Command line editing is a function of your shell, not of Terminal. Probably your shell is bash and probably its command line editing style is set to “emacs”.

Here are a few of the Emacs-style key combinations that you might find handy:

  • C-a: beginning-of-line
  • C-e: end-of-line
  • M-f: forward-word
  • M-b: backward-word
  • C-d: delete-char
  • M-d: kill-word (delete the next ‘word’)
  • M-DEL: backward-kill-word

C-x means Control+x, so C-a is Control+a.

M-x means Meta+x, but there probably is no Meta key on your keyboard. So instead, you can use ESC x (i.e. Escape then x). Terminal has an setting to automatically send ESC before keys pressed with Option held down. Using this feature disables the extended character handling that Mac OS X usually provides when using the Option modifier. So, if you use few extended characters and want to have Option+x send ESC x, then you can enable this Terminal option.
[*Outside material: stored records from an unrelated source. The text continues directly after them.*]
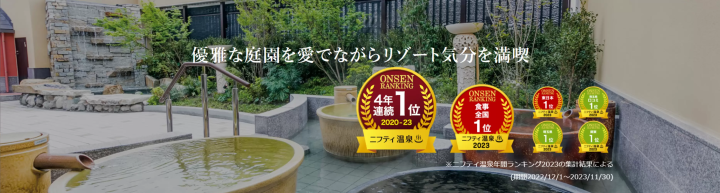 美楽温泉SPA-HERBS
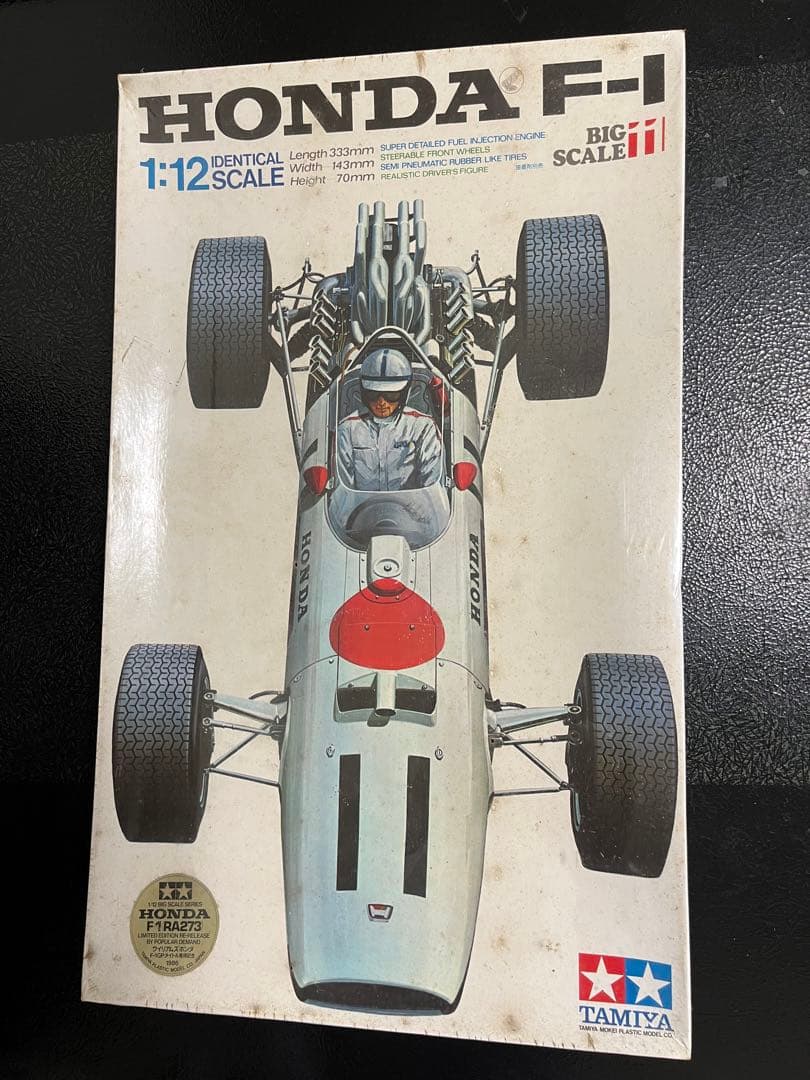 タミヤ　HONDA F-1 RA273 1:12スケール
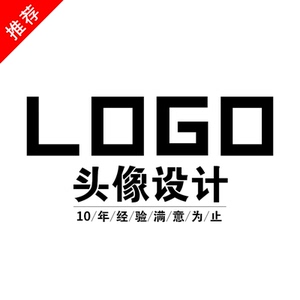 淘宝头像店铺商标logo设计原创图标店标制作文字定制字体名字店名
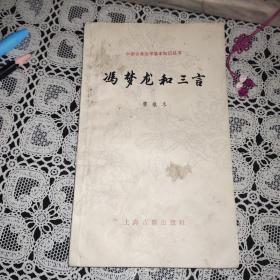 冯梦龙和三言（中国古典文学基本知识丛书）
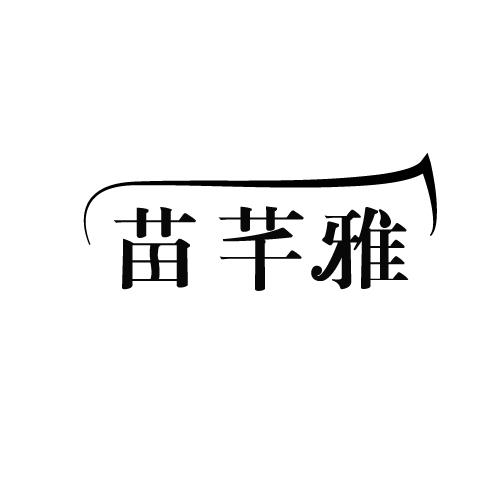 苗芊雅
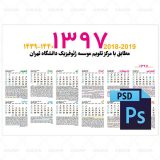 دانلود تقویم 97 PSD (کد 101)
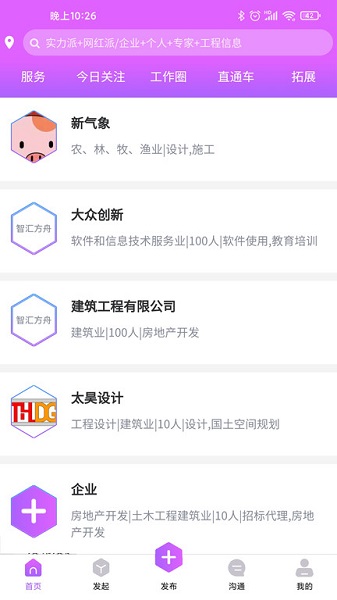 智匯方舟官方版 v1.1.34 安卓版 0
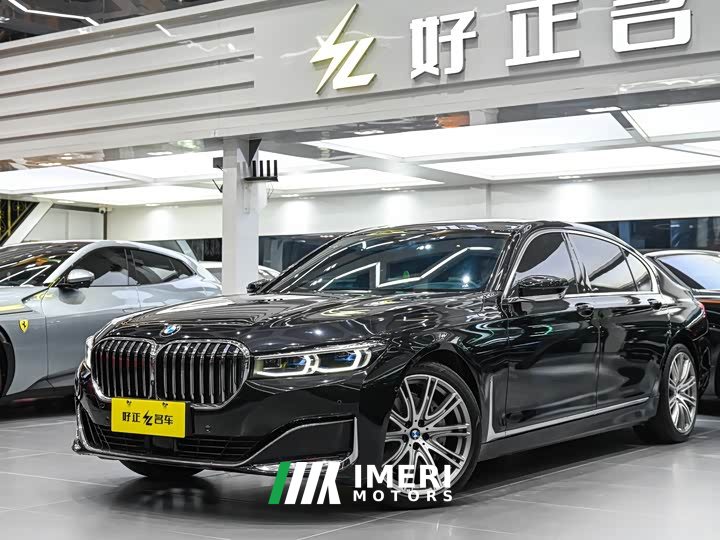 BMW 7 Series 2021 740Li xDrive Executive Luxury Line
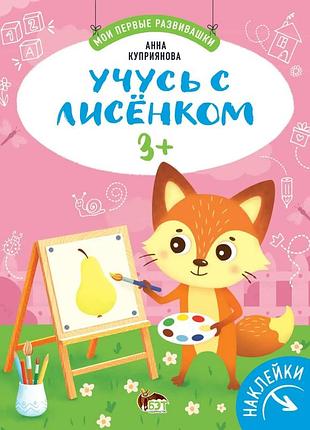 Книга навчаюся з лисенком 3+ (наліпки). мої перші розвивашки. пет (9789669253095) (російською мовою)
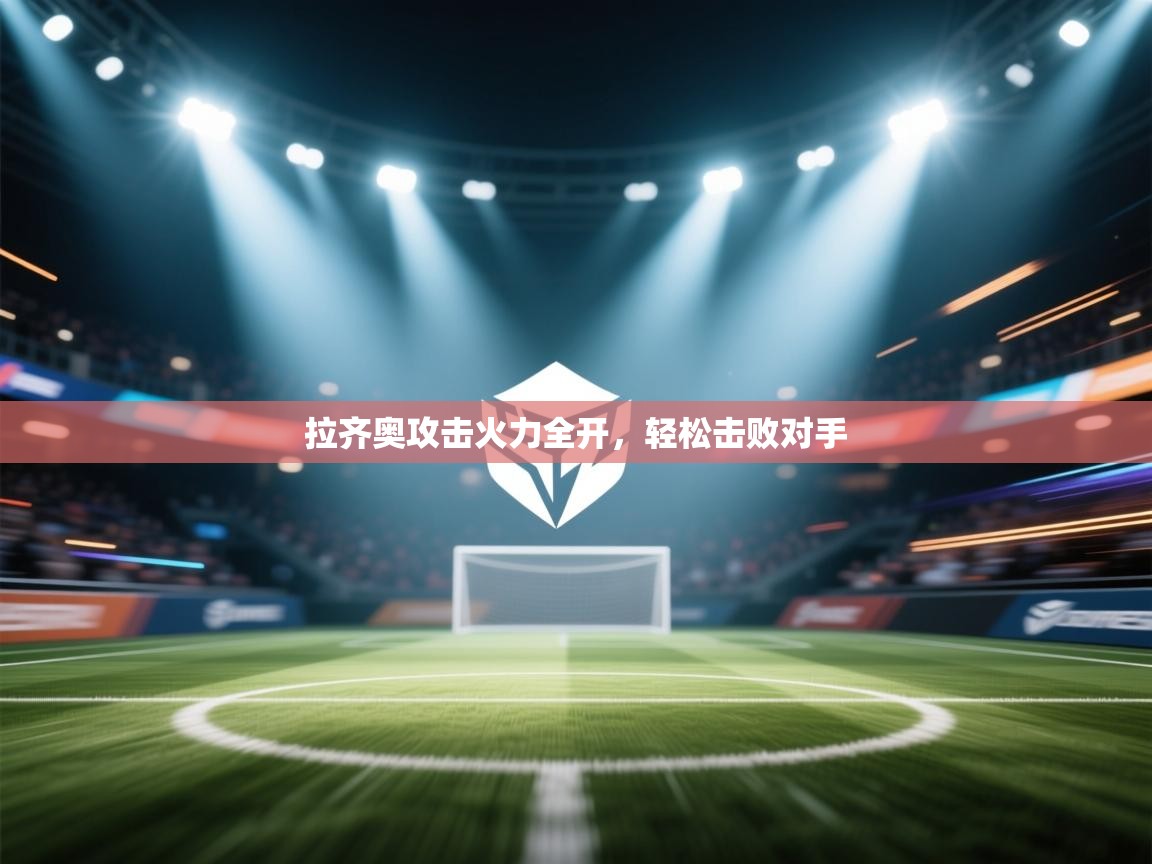 拉齐奥攻击火力全开，轻松击败对手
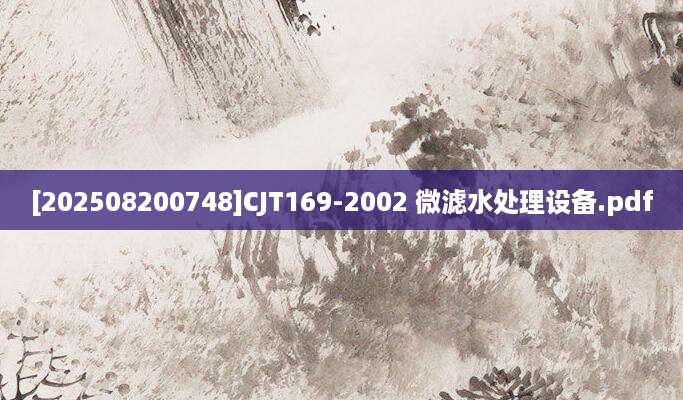 [202508200748]CJT169-2002 微滤水处理设备.pdf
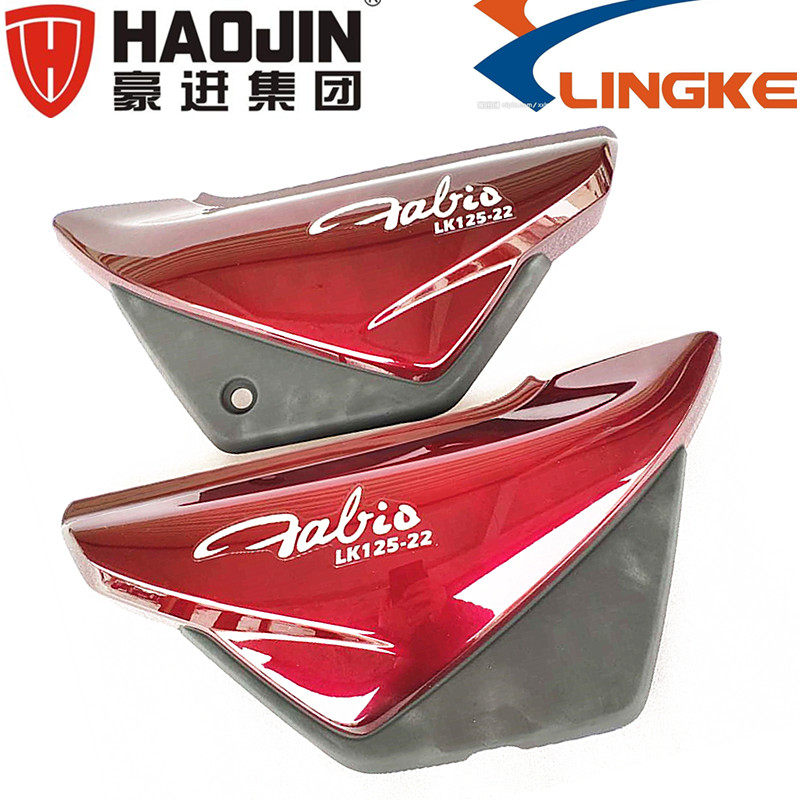 HJ125-22 Cool LK125-22 Beyond the Cap side cover board of the board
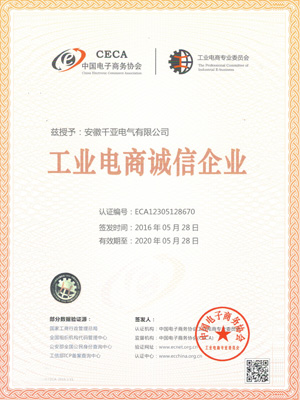 工业电商诚信企业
There are lots of ways of moving to “Hello” in your example:

  • Search for “Hello”: C-r H e l l o C-j (or ESC)
    • In normal Emacs, you would just use RET (Return) to end the search at the current location and return to editing. But in bash, the default bindings cause RET (i.e. C-m) to always execute the current line, even if an incremental search is active. So the C-j/ESC part is a deviation from normal Emacs.
  • Jump to the beginning of the line and move forward: C-a M-f C-f (or )
  • Jump to the beginning of the line, then move by words: C-a M-f M-f M-b
  • Use M-b a lot (only really feasible if you map Option to Meta).

There are also several ways of accomplishing your desired replacement:

  • delete the word and replace it: M-d H i
  • delete characters and replace them: C-d C-d C-d C-d C-d H i
  • move past “H” and delete the following work, replace it: C-f M-d i
  • move past “H” and delete the remaining characters, replace them: C-f C-d C-d C-d C-d i

If you stopped at the end of the word (maybe via C-a M-f M-f), you could use M-DEL H i.

You might do something like bind -P | less to find other interesting bindings. Consult the readline section of the bash man page (or the readline parts of the bash info pages) for details.